Scope drift mid-pipeline
A DEAN who triggers a pipeline and is then reassigned to a different department mid-execution loses read access to their own pipeline. This mirrors /analytics/* behavior and is intentional — the scope check evaluates against current assignments, not historical ones.
Tiered Scheduler
TieredPipelineSchedulerJob (src/crons/jobs/analysis-jobs/tiered-pipeline-scheduler.job.ts) auto-enqueues pipelines for active scopes that have new submissions since the last completed run. It runs three independent tiers, each with its own @Cron decorator and its own isRunning flag:
| Tier | Cron expression | Cron name |
|---|---|---|
FACULTY | 0 1 * * 0 | TieredPipelineSchedulerJob.RunFacultyTier |
DEPARTMENT | 0 2 * * 0 | TieredPipelineSchedulerJob.RunDepartmentTier |
CAMPUS | 0 3 * * 0 | TieredPipelineSchedulerJob.RunCampusTier |
Cron names and expressions are exported from tiered-scheduler.constants.ts so the orchestrator can introspect the next firing without a circular import.
Per-tier flow
For each scope returned by orchestrator.FindActiveScopesForTier(tier):
- Skip-check —
submissionRepository.FindChangedSince(scopeFilter, lastPipelineCompletedAt)counts submissions created after the previous completed pipeline.
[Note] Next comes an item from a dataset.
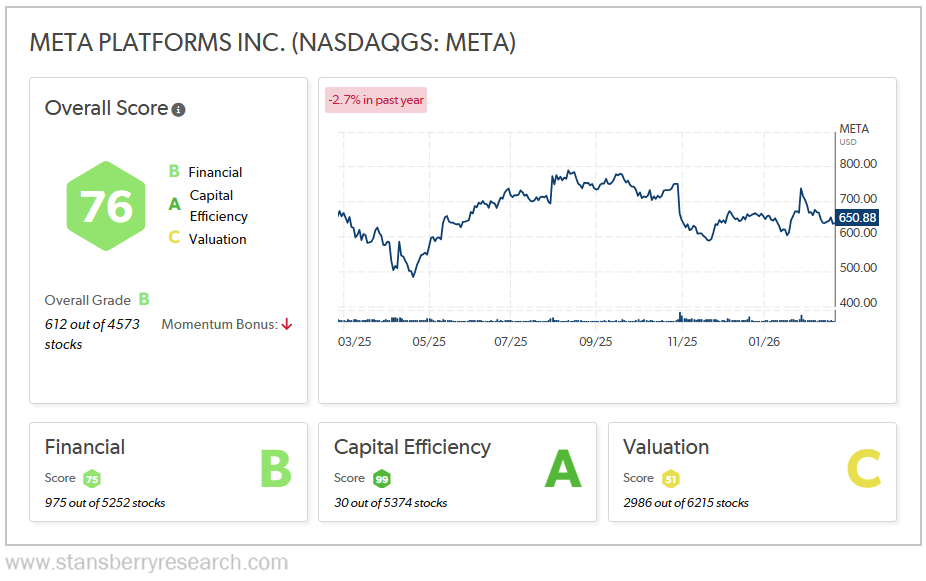 Meta stansberry score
Zero new submissions ⇒ skip (logged atdebug). - Enqueue — Otherwise,
orchestrator.CreateAndConfirmPipeline({...scope, triggeredById: systemUserId})bypasses the human gate and dispatches sentiment immediately. The pipeline is taggedtrigger=SCHEDULER. - Per-tier exclusion —
running[tier]short-circuits the next firing if the previous one is still in progress. Tiers are independent so a long faculty run does not block the department or campus tier that follows an hour later.
If a scheduler-driven pipeline cannot satisfy coverage requirements at firing time, it still completes (rather than failing) but persists warnings: ['insufficient_coverage_at_schedule_time'] for transparency.
System-user attribution
Scheduler-driven pipelines need an actorId for audit metadata. resolveSystemUserId() looks up the seeded SUPER_ADMIN by env.SUPER_ADMIN_USERNAME and uses its UUID. If the lookup fails, the tier returns failed and emits an error log — no pipelines are enqueued, since attribution would otherwise be lost.
Next-run surfacing
GET /analysis/pipelines/:id/status returns nextScheduledRunAt (ISO 8601 UTC) so the frontend can render "next refresh in N hours" copy. The value is computed by getNextScheduledRunAt(tier) via SchedulerRegistry + cron-parser, falling back to a parsed cron expression when the registry has not yet registered the job (e.g., during boot).